Treatment outcomes in this cohort were generally good and will be reported elsewhere; however, one child had documented acquisition of ofloxacin resistance during treatment. This HIV-infected child had a complicated course with large recurrent tuberculous brain abscesses requiring the use of multiple immunosuppressant medications and was treated with multiple fluoroquinolones prior to resistance development, making it difficult to ascribe the resistance acquisition solely to ofloxacin concentrations. Additionally, this child's ofloxacin C_max and AUC were each above the median. Despite generally good outcomes, optimized dosing of the fluoroquinolones in children remains an important priority and may potentially improve outcomes further and facilitate the use of shorter, injectable sparing MDR-TB treatment regimens.

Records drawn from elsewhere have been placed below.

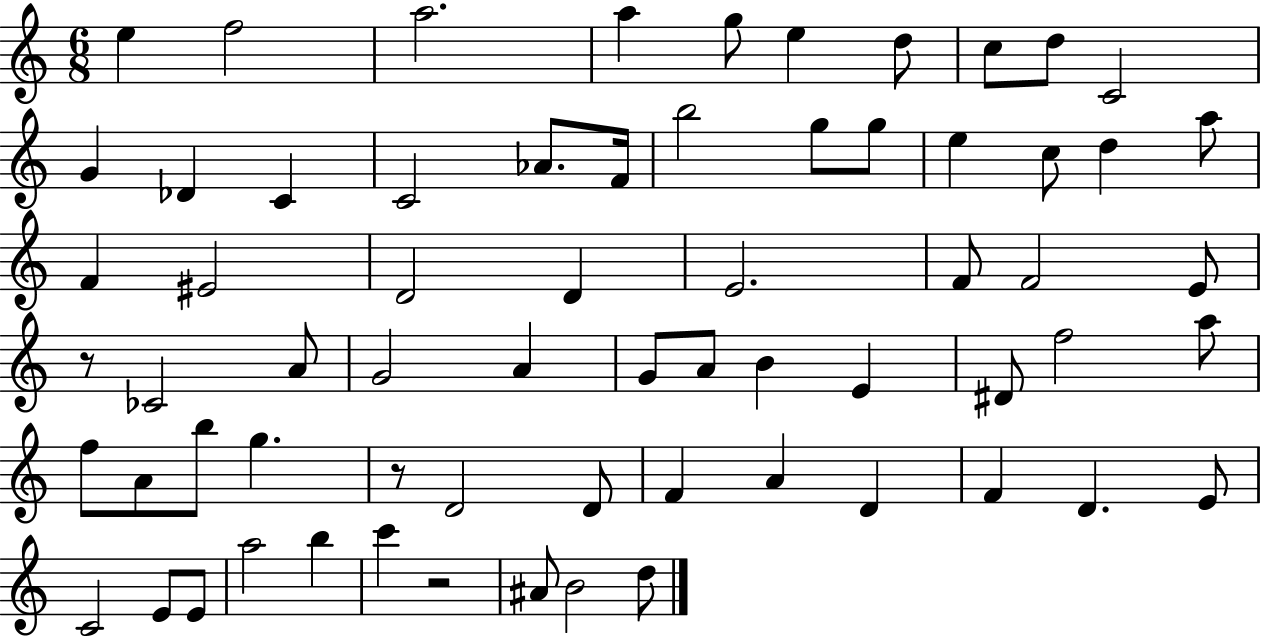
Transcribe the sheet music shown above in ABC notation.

X:1
T:Untitled
M:6/8
L:1/4
K:C
e f2 a2 a g/2 e d/2 c/2 d/2 C2 G _D C C2 _A/2 F/4 b2 g/2 g/2 e c/2 d a/2 F ^E2 D2 D E2 F/2 F2 E/2 z/2 _C2 A/2 G2 A G/2 A/2 B E ^D/2 f2 a/2 f/2 A/2 b/2 g z/2 D2 D/2 F A D F D E/2 C2 E/2 E/2 a2 b c' z2 ^A/2 B2 d/2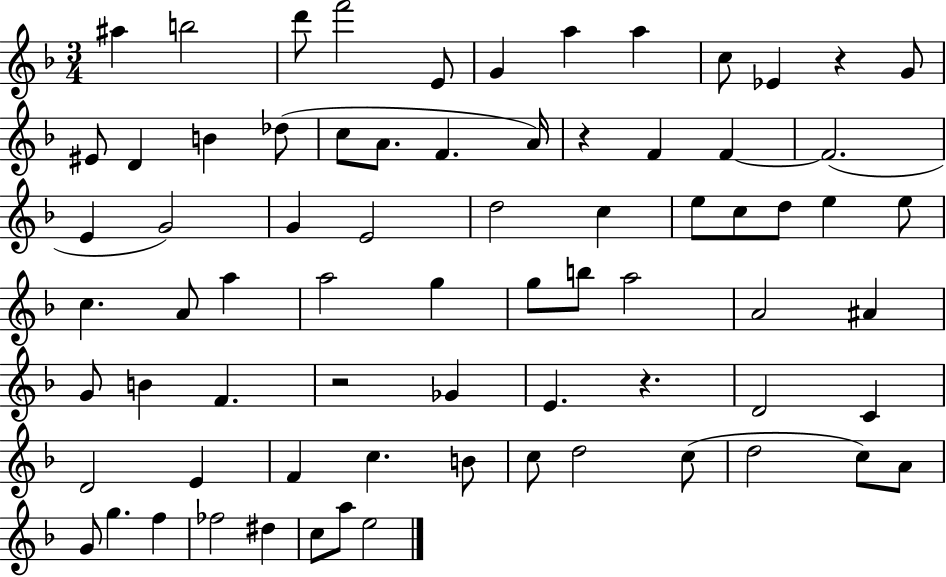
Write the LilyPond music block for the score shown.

{
  \clef treble
  \numericTimeSignature
  \time 3/4
  \key f \major
  \repeat volta 2 { ais''4 b''2 | d'''8 f'''2 e'8 | g'4 a''4 a''4 | c''8 ees'4 r4 g'8 | \break eis'8 d'4 b'4 des''8( | c''8 a'8. f'4. a'16) | r4 f'4 f'4~~ | f'2.( | \break e'4 g'2) | g'4 e'2 | d''2 c''4 | e''8 c''8 d''8 e''4 e''8 | \break c''4. a'8 a''4 | a''2 g''4 | g''8 b''8 a''2 | a'2 ais'4 | \break g'8 b'4 f'4. | r2 ges'4 | e'4. r4. | d'2 c'4 | \break d'2 e'4 | f'4 c''4. b'8 | c''8 d''2 c''8( | d''2 c''8) a'8 | \break g'8 g''4. f''4 | fes''2 dis''4 | c''8 a''8 e''2 | } \bar "|."
}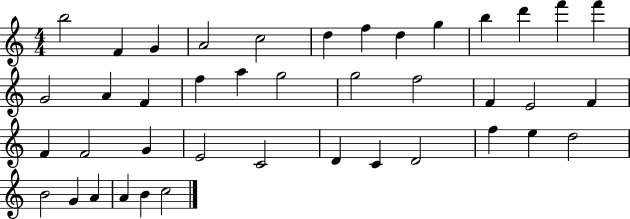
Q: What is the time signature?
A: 4/4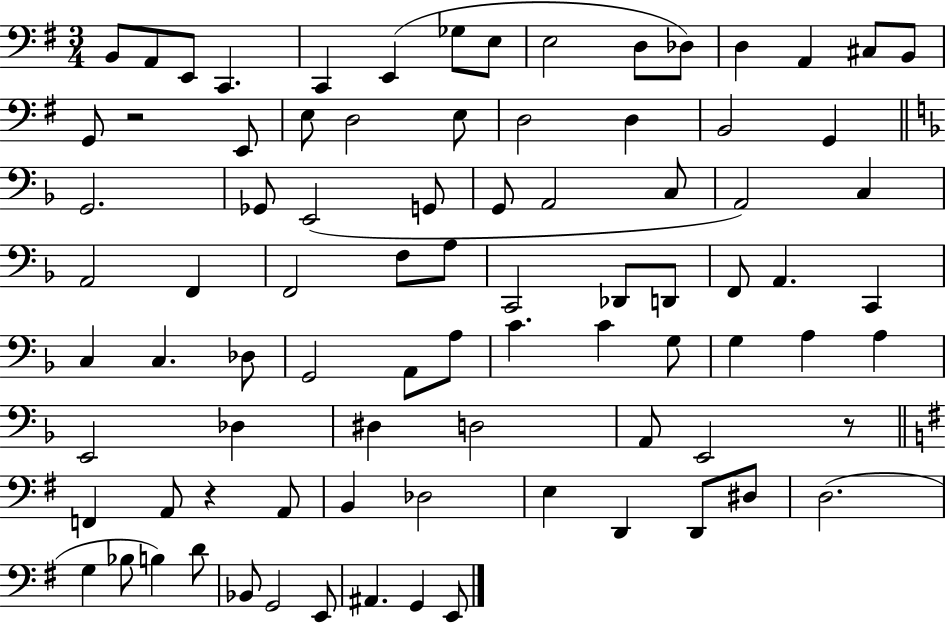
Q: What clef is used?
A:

In conclusion, in this large cohort of children receiving ofloxacin, exposures were lower than those in adults. Although ofloxacin is being phased out of MDR-TB treatment regimens in favor of more potent fluoroquinolones, it is still used in many places and it is likely underdosed in children. That ofloxacin was safe and well tolerated is reassuring, particularly if higher dosages that will be needed to reach adult reference exposure targets are to be evaluated. A better understanding of the pharmacokinetics and safety profiles of all second-line anti-TB drugs is essential to ensure the provision of appropriate drugs at appropriate dosages to children with MDR-TB to optimize treatment outcomes.

ACKNOWLEDGMENTS

We thank the children and their parents and guardians for their participation in the study. We also thank the personnel at the Desmond Tutu TB Centre and the hospitals and clinics who contributed to this work.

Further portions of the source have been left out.